FCPI : une réduction d’impôt recentrée
Pour assurer sa conformité avec le droit européen, le dispositif de réduction d’impôt IR-PME, dit aussi réduction Madelin, a été modifié. Il est recentré sur les fonds communs de placement dans l’innovation (FCPI) investis dans les titres de Jeunes Entreprises Innovantes (JEI).Seuls ces produits bénéficieront de la réduction d’IR de 30 %.
Par ailleurs, les FCPI disposent d’un délai de 48 mois (au lieu de 30 mois) pour atteindre le quota d’investissement de 70 %. Un assouplissement qui s’applique aussi aux fonds d’investissement de proximité (FIP) « Corse » et « Outre-mer ». À noter que les souscriptions en numéraire de parts de FIP « Corse » et « Outre-mer » continuent de bénéficier d’une réduction d’IR de 30 %.
Enfin, le plafond de financement dont peuvent bénéficier l’ensemble des entreprises dont l’investissement direct ou intermédié ouvre droit au bénéfice de la réduction d’impôt est relevé de 15 à 16,5 millions d’€.
L’application de ces mesures s’appliquent aux versements effectués à compter du 21 février 2026, sous réserve, pour certaines d’entre elles, d’une autorisation de la Commission européenne puis de la publication d’un décret.

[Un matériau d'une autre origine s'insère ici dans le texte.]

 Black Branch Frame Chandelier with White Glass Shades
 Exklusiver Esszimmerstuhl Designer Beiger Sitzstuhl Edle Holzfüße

PER : un plafond de versement augmenté
La loi de finances pour 2026 augmente l’opportunité de verser sur un PER en allongeant la durée de report des plafonds de versements déductibles.

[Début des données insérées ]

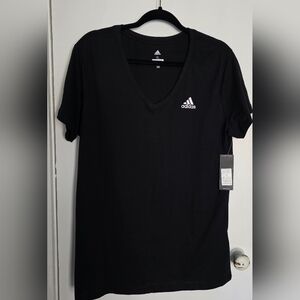 Adidas Badge Of Sport Vneck Tee, Black/White, Size XL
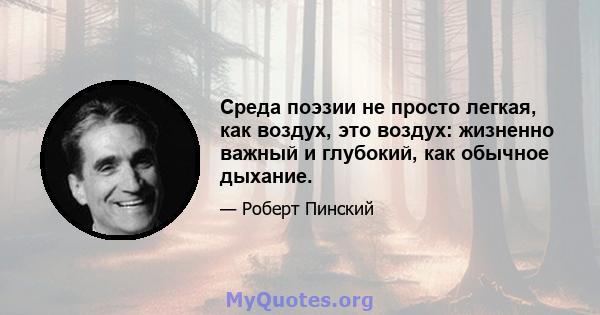 Среда поэзии не просто легкая, как воздух, это воздух: жизненно важный и глубокий, как обычное дыхание.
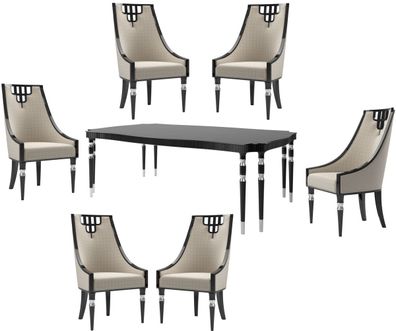 Casa Padrino Luxus Art Deco Esszimmer Set Beige / Schwarz / Silber - 1 Esszimmertisch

Chaque année, vos versements volontaires sur un PER peuvent être déduits du revenu imposable dans la limite d’un plafond défini selon votre statut professionnel (salarié, retraité, travailleur non-salarié…). Si ce plafond n’est pas entièrement utilisé sur une année, la fraction restante peut désormais être reportée sur les 5 années suivantes (contre 3 ans auparavant)(2). Cela permet de mieux lisser les versements et de concentrer l’effort d’épargne sur les années où la fiscalité est plus lourde (hausse des revenus, prime exceptionnelle…). Par ailleurs, pour éviter de perdre le plafond le plus ancien, il est recommandé de réaliser un versement équivalent à la somme du plafond le plus récent et du plus ancien, à condition que cela optimise votre fiscalité et reste compatible avec votre capacité d’épargne.
La loi de finances recentre aussi ces plans sur leur vocation d’origine, à savoir la constitution d’une épargne retraite. Ainsi, depuis le 1er janvier 2026, les titulaires d’un PER âgés de plus de 70 ans ne peuvent plus déduire de leur revenu global les versements volontaires. Pour ceux réalisés passé cet âge, en cas de sortie en capital d’un PER, les prestations versées seront exonérées pour leur part correspondant au montant des versements réalisés à compter de 70 ans. Elles seront soumises au prélèvement forfaitaire unique (PFU) au taux actuel de 31,4 % pour leur part correspondant aux produits de ces versements. En cas de sortie en rente, celles issues des versements réalisés après 70 ans seront soumises au régime des rentes viagères à titre onéreux, qui limite la fraction de la rente imposable à l’IR à 30 %.
En matière d’impôt sur le revenu, la loi de finances pour 2026 ne présente pas de réelle mesure phare mais plusieurs aménagements qui n’imposent pas de revoir en profondeur les stratégies patrimoniales.
Les dispositifs existants sont à envisager pour piloter sa fiscalité en fonction de l’objectif poursuivi comme préparer sa retraite, investir dans les entreprises innovantes et l’économie des territoires ou encore investir dans de l’immobilier grâce au nouveau statut de bailleur privé.
Article achevé de rédiger le 20 février 2026 par Christine Allorge, juriste fiscaliste patrimonial
(1) Jour de la présentation en conseil des ministres du projet de loi de finances
(2) Cette mesure s’applique aux nouveaux plafonds constitués à partir de 2026.